İSTANBUL - İmralı’da hukukun işletilmediğini belirten ÖHD Eş Genel Başkanı Serhat Çakmak, AİHM ve CPT’nin bu noktadaki tutumlarıyla varlıklarını tartışmalı hale getirdiklerini söyledi.
Amerikan Birleşik Devletleri’nin (ABD) koordinatörlüğünde birçok ülkenin dahil olduğu PKK Lideri Abdullah Öcalan’a dönük uluslararası komplo, Avrupa ülkeleri başta olmak üzere birçok devletin uluslararası hukuku yok saymasıyla hayata geçirildi. İmha ve tasfiye planlarına karşı Kürt sorununu demokratik çözüm zeminine kavuşturmak için Ortadoğu’dan çıkarak dünyaya açılan Abdullah Öcalan, gittiği ülkelerde siyasi iltica talepleri kabul edilmeyerek çarmıha gerildi. 130 gün süren Avrupa sürecinin ardından idam cezasıyla arandığı Türkiye’ye getirilen PKK Liderine, Ankara 2 Nolu Devlet Güvenlik Mahkemesi’nde 31 Mayıs 1999’da başlayan ve 29 Haziran 1999’da görülen son duruşmayla biten yargılamada idam cezası verildi. Ağırlaştırılmış müebbet hapis cezasına dönüştürülen bu cezayla Abdullah Öcalan, 25 yıldır İmralı F Tipi Yüksek Güvenlikli Cezaevi’nde tecrit koşullarında tutuluyor.

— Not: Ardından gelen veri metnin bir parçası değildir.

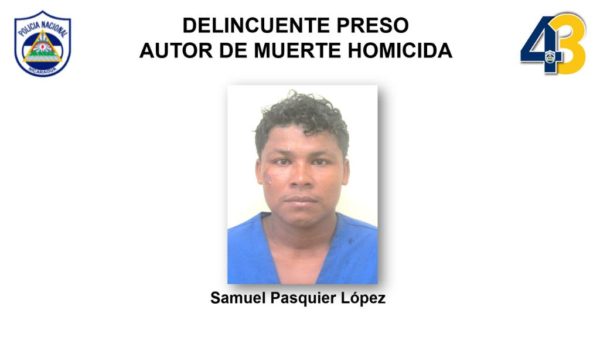Fiscalía acusa a tres hombres por crimen de mujer en Bilwi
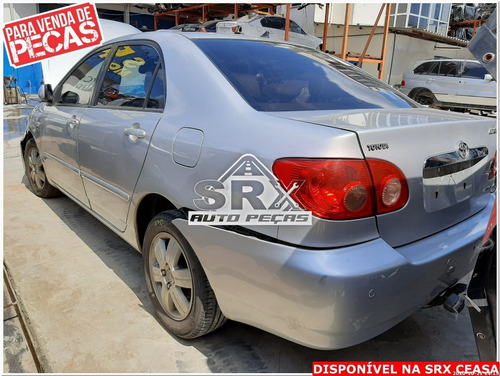 Sucata Toyota Corolla Seg 1.8 Vvt Automatico 2005 Peças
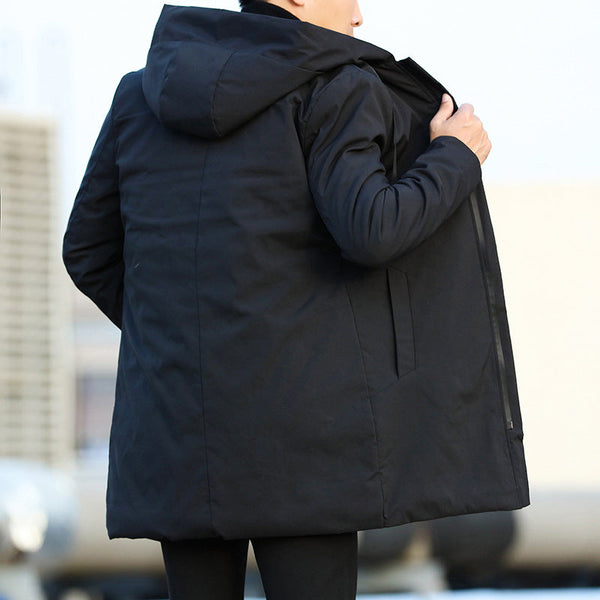 Johan™ - Modern Chic Winter Jacket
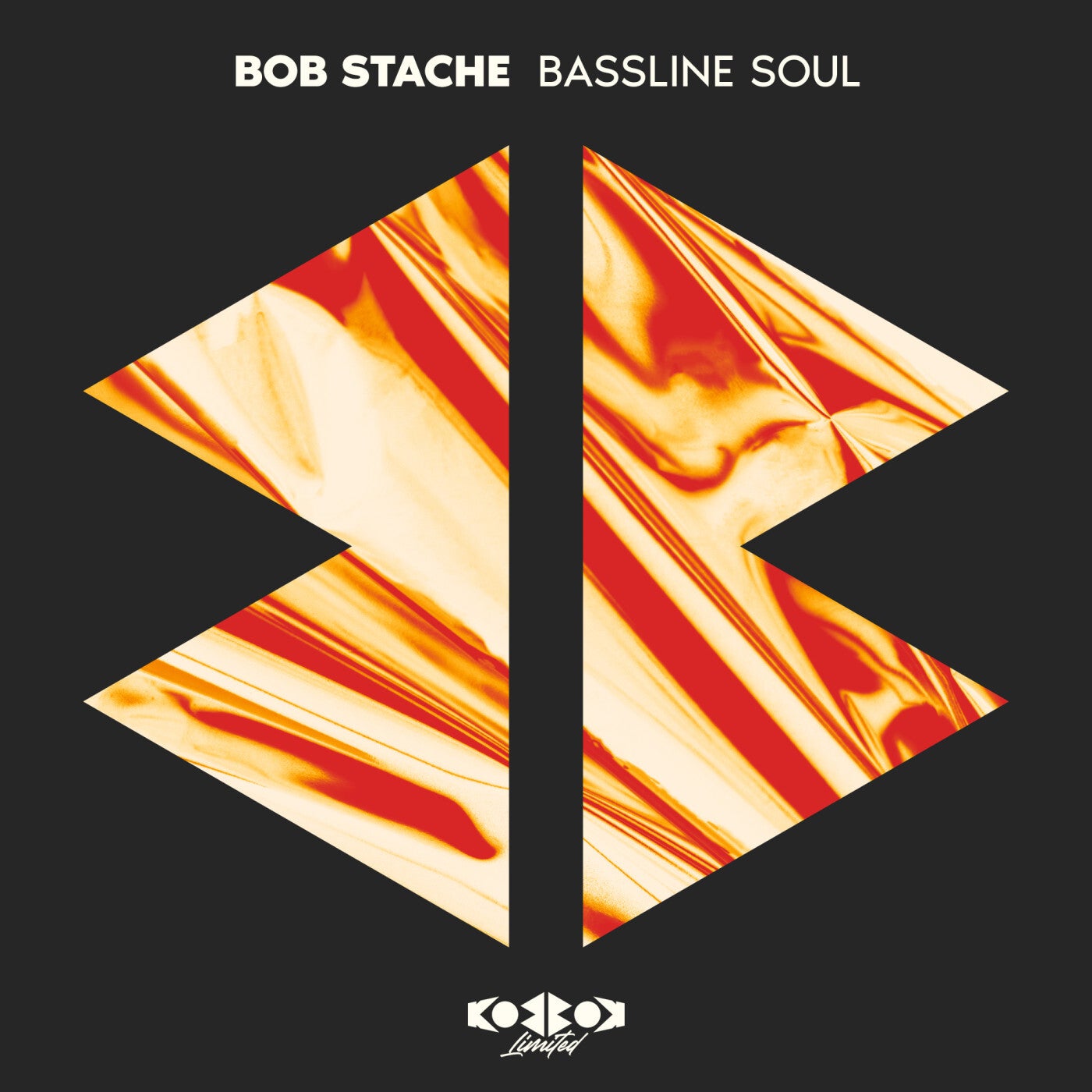 Cover - Bob Stache - Bassline Soul (Original Mix) Promo tools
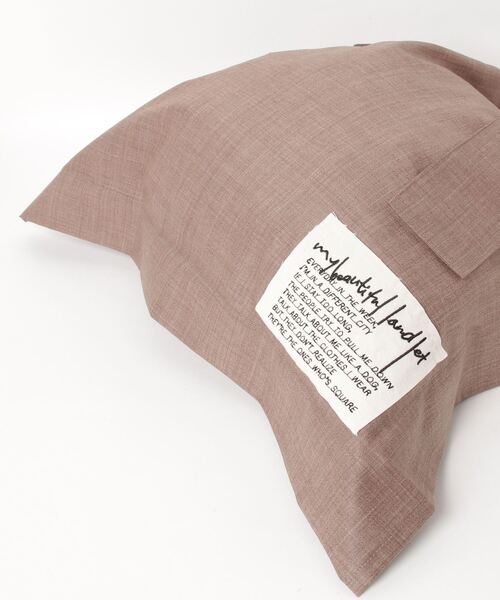 「my beautiful landlet」 トートバッグ FREE ブラウン メンズ_画像3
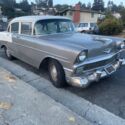 1956 Chevrolet 210, California car just out of 4 decades of ownership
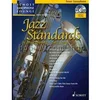 JUCHEM:JAZZ STANDARDS TENOR SAX +CD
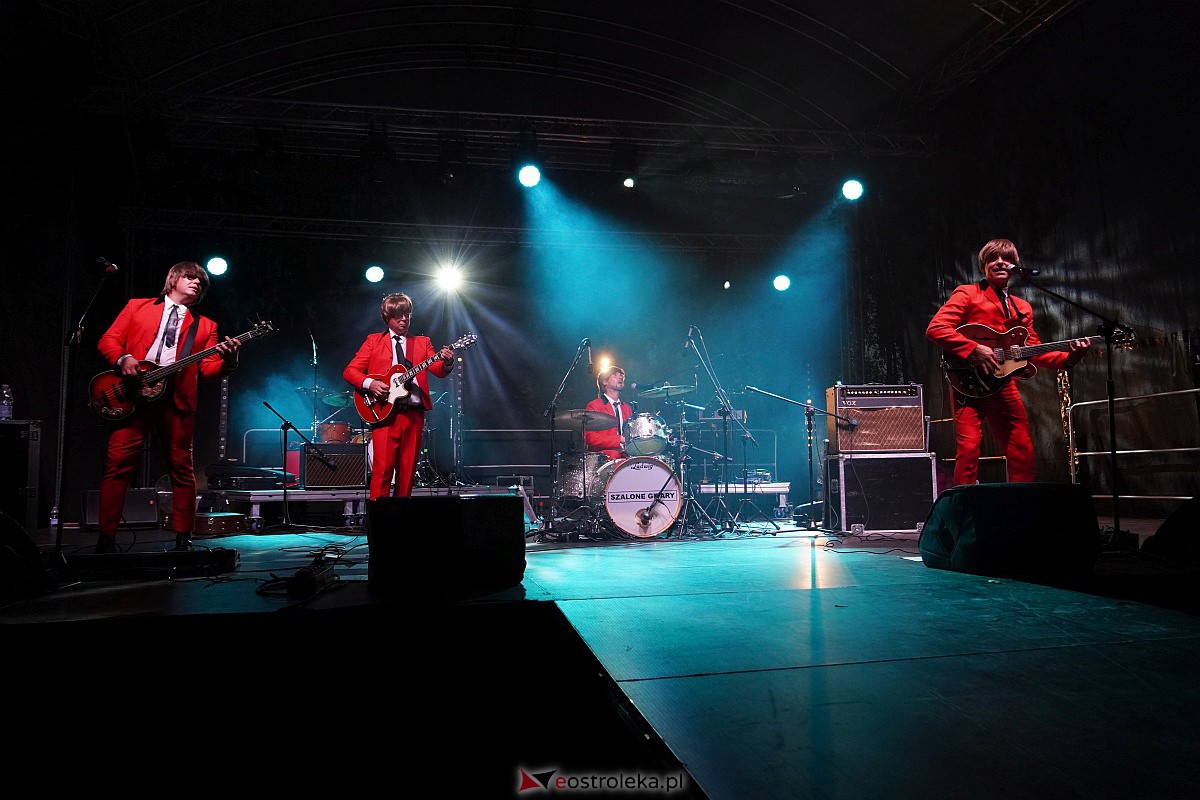Dożynki w Olszewie-Borkach - Szalone Gitary [26.08.2023] - zdjęcie #48 - eOstroleka.pl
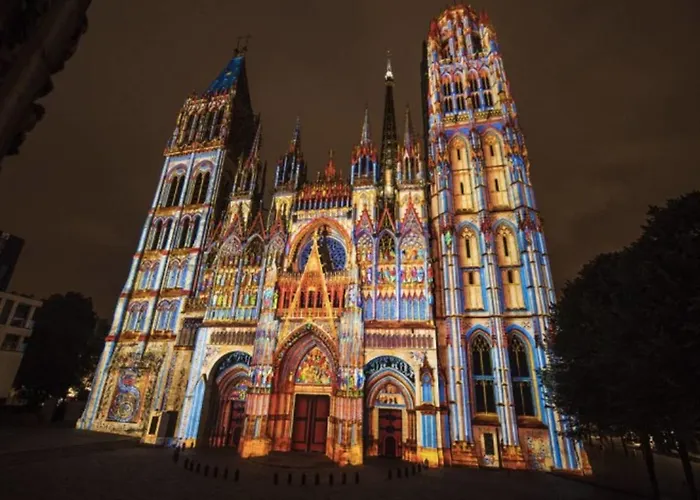 Le 39 Elegance - Prox Gare Et Apartment Rouen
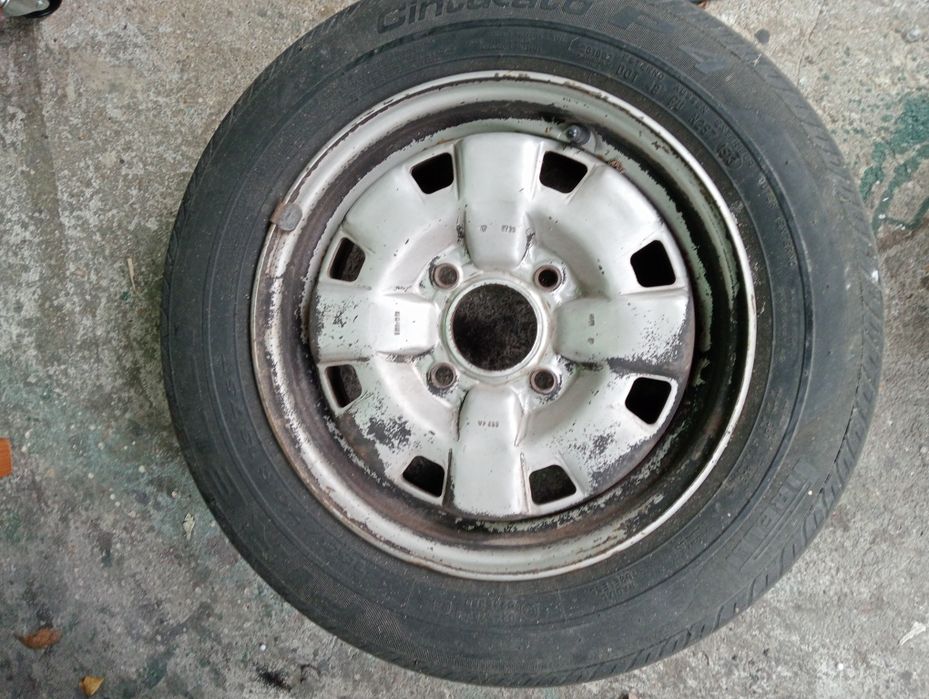 Jantes 13" - Peugeot 205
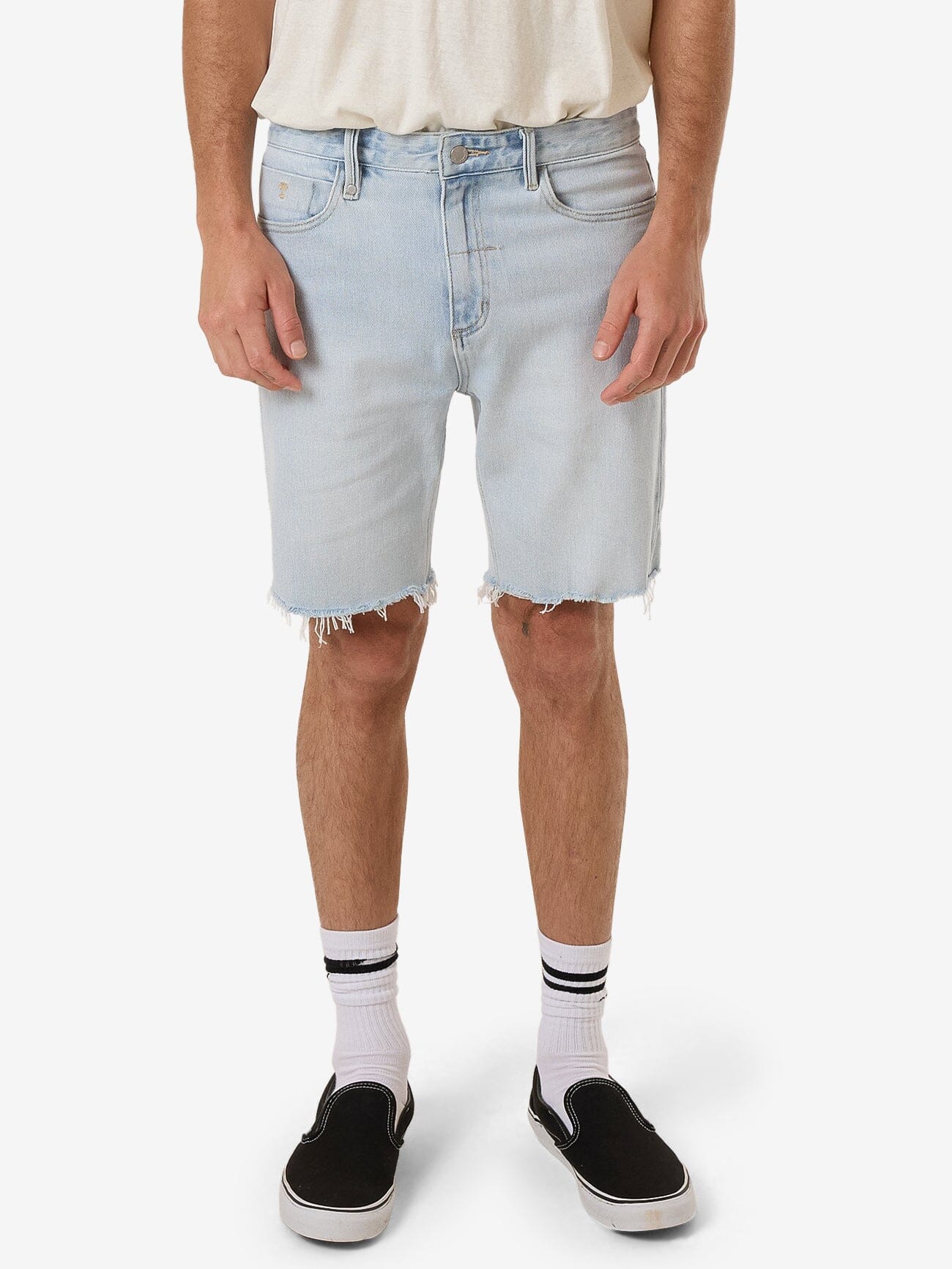 Bones Denim Short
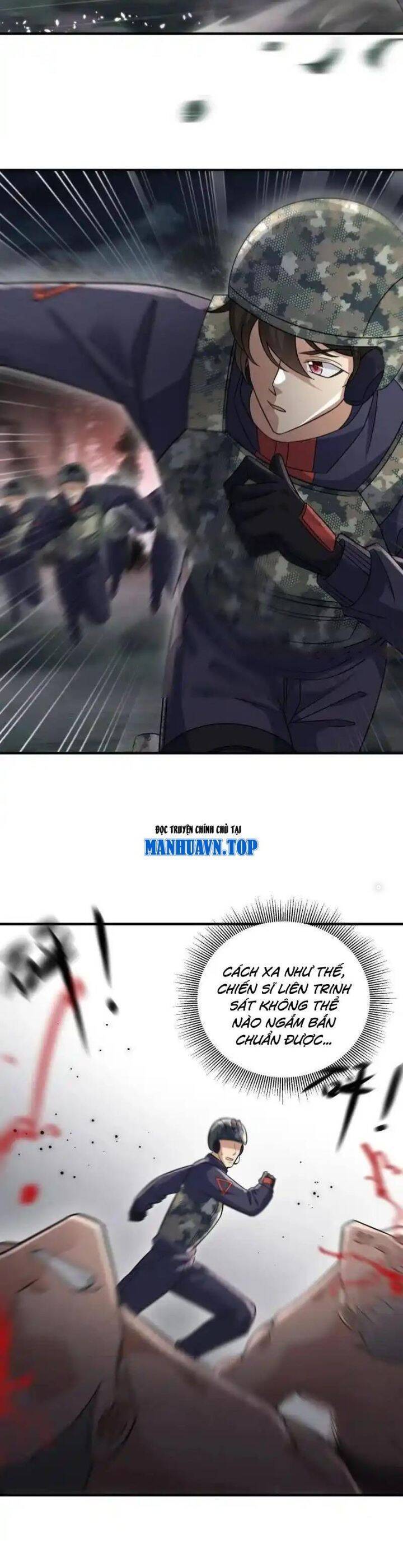 Đệ Nhất Danh Sách Chapter  449 - 23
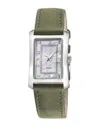 Gv2 Women's Lunio Swiss Diamond Watch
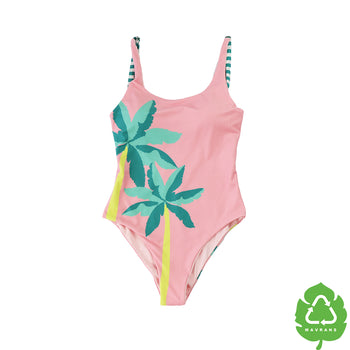 Hills Hotel Juniors One Piece Swimsuit (1527053778989)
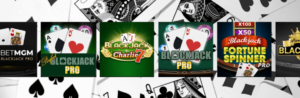 BetMGM Blackjack Games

ÖHD Eş Genel Başkanı Serhat Çakmak
‘UMUT HAKKI’ BAŞVURUSU
Abdullah Öcalan’ın avukatlarının başvurduğu Avrupa İnsan Hakları Mahkemesi (AİHM), 2014 yılında “ağırlaştırılmış müebbet hapis cezası” ile ilgili ihlal kararı verdi. AİHM’in bu kararı üzerine Özgürlük İçin Hukukçular Derneği (ÖHD), Toplum ve Hukuk Araştırmaları Vakfı (TOHAV), İnsan Hakları Derneği (İHD) ile Türkiye İnsan Hakları Vakfı (TİHV), PKK Lideri Abdullah Öcalan ile birlikte tutuklu Hayati Kaytan, Emin Gurban ve Civan Boltan hakkında AİHM’in verdiği ihlal kararlarını acil gündemine alması için 26 Temmuz 2021’de Avrupa Konseyi Bakanlar Komitesi’ne başvurdu.
TÜRKİYE’DEN YANIT
Abdullah Öcalan ile diğer tutuklular açısından ‘Umut Hakkı’nın sağlanması gerektiğine dikkat çekilen başvuru üzerine, Türkiye 7 Eylül 2021 tarihinde Komite’ye yanıt verdi. 2009’dan bu yana İmralı’da ihlal olmadığını savunan Türkiye, Abdullah Öcalan ve diğer tutukluların tahliye imkanını gündeme getiren “umut hakkı” ve “ağırlaştırılmış müebbet cezası hakkında yasada değişiklik” yapılmasına ilişkin başvuruda yer alan tespit ve önerileri ise görmezden geldi.
‘HÜKÜMET YANILTIYOR’
Türkiye’nin komiteye verdiği yanıt üzerine, başvurucu insan hakları ve hukuk örgütleri de Avrupa Konseyi Bakanlar Komitesi’ne yeni bir bildirimde bulundu. Türkiye’nin herhangi bir “Eylem Planı” sunmadığına dikkat çekilen bildirimde, "Hükümet, cevaplarında STK’lerin bildiriminde belirtilen hususlara dair hiçbir somut cevap vermemiştir. Yanıltıcı bir şekilde, Türkiye hukuk sisteminde müebbet ve ağırlaştırılmış müebbet hapis cezaları bakımından koşullu salıvermenin imkan dahilinde olduğu belirtilmiş ve İmralı Hapishane koşullarının 3. maddenin ihlali niteliği taşımadığı iddia edilmiştir" denildi.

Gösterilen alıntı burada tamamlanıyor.